Stored items -
- - - -

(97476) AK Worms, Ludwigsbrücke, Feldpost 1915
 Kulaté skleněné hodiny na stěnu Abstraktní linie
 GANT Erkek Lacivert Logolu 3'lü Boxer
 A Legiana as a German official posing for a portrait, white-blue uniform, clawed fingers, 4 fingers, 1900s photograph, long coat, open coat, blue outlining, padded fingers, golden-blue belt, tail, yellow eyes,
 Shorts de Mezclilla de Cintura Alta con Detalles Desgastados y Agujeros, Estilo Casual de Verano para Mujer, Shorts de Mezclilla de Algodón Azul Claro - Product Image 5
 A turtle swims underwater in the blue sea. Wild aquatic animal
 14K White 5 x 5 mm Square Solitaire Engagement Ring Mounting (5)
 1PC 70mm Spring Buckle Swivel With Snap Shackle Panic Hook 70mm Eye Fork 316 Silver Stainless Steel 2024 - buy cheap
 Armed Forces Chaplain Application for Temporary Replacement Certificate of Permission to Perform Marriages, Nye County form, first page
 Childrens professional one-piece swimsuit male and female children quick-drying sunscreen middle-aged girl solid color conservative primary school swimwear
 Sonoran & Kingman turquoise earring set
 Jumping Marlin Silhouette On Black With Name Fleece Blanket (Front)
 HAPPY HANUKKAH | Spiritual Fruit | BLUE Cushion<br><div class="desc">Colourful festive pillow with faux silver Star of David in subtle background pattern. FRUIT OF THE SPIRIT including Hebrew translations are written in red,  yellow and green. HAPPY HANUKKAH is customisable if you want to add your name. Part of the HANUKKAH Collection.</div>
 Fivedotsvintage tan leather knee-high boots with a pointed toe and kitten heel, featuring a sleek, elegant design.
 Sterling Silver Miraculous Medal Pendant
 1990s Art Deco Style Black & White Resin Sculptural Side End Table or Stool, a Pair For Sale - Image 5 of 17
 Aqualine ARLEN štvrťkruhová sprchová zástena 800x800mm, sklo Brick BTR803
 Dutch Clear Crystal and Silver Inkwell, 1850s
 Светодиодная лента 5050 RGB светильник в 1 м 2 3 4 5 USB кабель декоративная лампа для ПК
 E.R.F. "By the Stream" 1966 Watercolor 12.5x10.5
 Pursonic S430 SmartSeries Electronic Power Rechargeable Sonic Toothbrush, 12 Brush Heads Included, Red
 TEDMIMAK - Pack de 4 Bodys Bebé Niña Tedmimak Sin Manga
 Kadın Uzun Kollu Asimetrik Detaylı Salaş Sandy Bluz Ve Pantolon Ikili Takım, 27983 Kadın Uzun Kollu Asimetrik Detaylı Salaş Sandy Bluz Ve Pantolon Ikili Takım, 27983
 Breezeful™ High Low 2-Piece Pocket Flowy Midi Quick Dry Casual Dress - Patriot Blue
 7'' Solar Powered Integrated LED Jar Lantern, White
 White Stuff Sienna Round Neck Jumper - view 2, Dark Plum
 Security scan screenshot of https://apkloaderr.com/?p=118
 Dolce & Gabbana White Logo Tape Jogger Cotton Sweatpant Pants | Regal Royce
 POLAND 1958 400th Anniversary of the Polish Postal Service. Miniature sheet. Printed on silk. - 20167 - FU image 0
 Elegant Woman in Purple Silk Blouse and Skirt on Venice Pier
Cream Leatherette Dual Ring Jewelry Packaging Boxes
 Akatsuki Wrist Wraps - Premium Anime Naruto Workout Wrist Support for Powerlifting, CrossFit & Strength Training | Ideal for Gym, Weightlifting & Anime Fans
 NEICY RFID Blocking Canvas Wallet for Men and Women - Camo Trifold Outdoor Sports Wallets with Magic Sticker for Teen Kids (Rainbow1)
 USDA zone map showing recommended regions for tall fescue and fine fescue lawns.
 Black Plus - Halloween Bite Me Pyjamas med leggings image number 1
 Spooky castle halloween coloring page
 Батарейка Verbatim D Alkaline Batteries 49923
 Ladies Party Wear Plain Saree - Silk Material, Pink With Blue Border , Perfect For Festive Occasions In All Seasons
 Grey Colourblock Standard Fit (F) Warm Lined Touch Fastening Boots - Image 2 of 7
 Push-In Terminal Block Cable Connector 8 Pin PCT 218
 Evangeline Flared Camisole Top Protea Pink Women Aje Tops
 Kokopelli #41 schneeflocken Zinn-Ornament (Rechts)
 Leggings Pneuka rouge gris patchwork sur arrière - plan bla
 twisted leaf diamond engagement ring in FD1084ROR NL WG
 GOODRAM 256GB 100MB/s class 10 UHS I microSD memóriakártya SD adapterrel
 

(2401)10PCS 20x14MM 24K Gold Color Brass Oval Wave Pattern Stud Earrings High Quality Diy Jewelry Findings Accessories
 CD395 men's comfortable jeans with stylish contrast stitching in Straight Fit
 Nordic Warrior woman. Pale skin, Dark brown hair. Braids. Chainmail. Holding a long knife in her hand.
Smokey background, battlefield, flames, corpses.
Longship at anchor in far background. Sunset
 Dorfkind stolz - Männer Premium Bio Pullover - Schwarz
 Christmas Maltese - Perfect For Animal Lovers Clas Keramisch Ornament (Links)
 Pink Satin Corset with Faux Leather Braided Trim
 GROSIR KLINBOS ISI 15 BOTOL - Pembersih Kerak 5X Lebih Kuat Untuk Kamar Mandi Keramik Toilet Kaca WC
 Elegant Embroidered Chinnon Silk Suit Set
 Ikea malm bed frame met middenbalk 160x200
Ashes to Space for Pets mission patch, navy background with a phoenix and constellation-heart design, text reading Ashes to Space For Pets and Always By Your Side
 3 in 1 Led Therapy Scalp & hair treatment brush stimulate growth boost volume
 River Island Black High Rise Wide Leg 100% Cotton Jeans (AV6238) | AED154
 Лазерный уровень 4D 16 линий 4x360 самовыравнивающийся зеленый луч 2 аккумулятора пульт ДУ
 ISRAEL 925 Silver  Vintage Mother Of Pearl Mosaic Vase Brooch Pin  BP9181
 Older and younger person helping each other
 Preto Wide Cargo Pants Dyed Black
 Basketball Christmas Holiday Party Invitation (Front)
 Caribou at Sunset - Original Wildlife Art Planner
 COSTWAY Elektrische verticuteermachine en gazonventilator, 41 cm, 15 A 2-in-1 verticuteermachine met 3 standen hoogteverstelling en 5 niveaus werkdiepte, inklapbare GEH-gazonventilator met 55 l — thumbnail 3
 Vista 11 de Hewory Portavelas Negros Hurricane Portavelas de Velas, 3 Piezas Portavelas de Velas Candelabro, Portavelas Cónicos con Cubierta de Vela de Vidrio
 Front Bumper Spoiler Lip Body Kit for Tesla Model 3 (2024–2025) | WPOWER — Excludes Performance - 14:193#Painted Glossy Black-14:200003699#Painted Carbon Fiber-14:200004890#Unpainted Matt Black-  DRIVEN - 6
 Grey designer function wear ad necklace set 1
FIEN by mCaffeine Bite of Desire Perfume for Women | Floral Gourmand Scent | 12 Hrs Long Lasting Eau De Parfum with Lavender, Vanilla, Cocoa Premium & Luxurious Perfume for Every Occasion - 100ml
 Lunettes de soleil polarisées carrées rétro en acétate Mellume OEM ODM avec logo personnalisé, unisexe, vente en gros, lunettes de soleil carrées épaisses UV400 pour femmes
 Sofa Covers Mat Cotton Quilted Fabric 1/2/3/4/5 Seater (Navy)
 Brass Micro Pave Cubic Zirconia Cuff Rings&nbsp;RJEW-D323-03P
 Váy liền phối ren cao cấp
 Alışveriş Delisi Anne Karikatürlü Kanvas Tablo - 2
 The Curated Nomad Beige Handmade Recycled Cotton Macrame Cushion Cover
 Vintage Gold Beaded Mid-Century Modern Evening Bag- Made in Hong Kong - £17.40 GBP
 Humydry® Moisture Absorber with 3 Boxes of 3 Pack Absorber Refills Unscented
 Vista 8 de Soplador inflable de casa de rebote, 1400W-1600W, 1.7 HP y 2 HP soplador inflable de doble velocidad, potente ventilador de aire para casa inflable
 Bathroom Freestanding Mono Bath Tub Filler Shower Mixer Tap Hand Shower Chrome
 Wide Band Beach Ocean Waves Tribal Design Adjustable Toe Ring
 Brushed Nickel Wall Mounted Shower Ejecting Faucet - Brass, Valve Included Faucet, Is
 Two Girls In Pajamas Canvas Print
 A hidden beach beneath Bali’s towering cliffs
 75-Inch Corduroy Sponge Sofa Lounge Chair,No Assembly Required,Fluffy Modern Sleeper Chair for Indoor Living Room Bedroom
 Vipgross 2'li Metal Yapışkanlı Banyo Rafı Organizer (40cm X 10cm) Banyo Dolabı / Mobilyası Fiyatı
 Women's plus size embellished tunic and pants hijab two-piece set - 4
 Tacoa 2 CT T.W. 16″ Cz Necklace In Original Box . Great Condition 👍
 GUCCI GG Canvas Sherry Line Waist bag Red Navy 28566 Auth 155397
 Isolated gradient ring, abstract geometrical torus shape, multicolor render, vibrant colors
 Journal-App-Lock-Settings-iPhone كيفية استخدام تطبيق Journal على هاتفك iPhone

- - - -

What you have to do -
Of all the entries above, output exactly the lines between the one holding "Cream Leatherette Dual" and the one holding "CD395 men's comfortable", inclusive.

Response area -
Cream Leatherette Dual Ring Jewelry Packaging Boxes
 Akatsuki Wrist Wraps - Premium Anime Naruto Workout Wrist Support for Powerlifting, CrossFit & Strength Training | Ideal for Gym, Weightlifting & Anime Fans
 NEICY RFID Blocking Canvas Wallet for Men and Women - Camo Trifold Outdoor Sports Wallets with Magic Sticker for Teen Kids (Rainbow1)
 USDA zone map showing recommended regions for tall fescue and fine fescue lawns.
 Black Plus - Halloween Bite Me Pyjamas med leggings image number 1
 Spooky castle halloween coloring page
 Батарейка Verbatim D Alkaline Batteries 49923
 Ladies Party Wear Plain Saree - Silk Material, Pink With Blue Border , Perfect For Festive Occasions In All Seasons
 Grey Colourblock Standard Fit (F) Warm Lined Touch Fastening Boots - Image 2 of 7
 Push-In Terminal Block Cable Connector 8 Pin PCT 218
 Evangeline Flared Camisole Top Protea Pink Women Aje Tops
 Kokopelli #41 schneeflocken Zinn-Ornament (Rechts)
 Leggings Pneuka rouge gris patchwork sur arrière - plan bla
 twisted leaf diamond engagement ring in FD1084ROR NL WG
 GOODRAM 256GB 100MB/s class 10 UHS I microSD memóriakártya SD adapterrel
 

(2401)10PCS 20x14MM 24K Gold Color Brass Oval Wave Pattern Stud Earrings High Quality Diy Jewelry Findings Accessories
 CD395 men's comfortable jeans with stylish contrast stitching in Straight Fit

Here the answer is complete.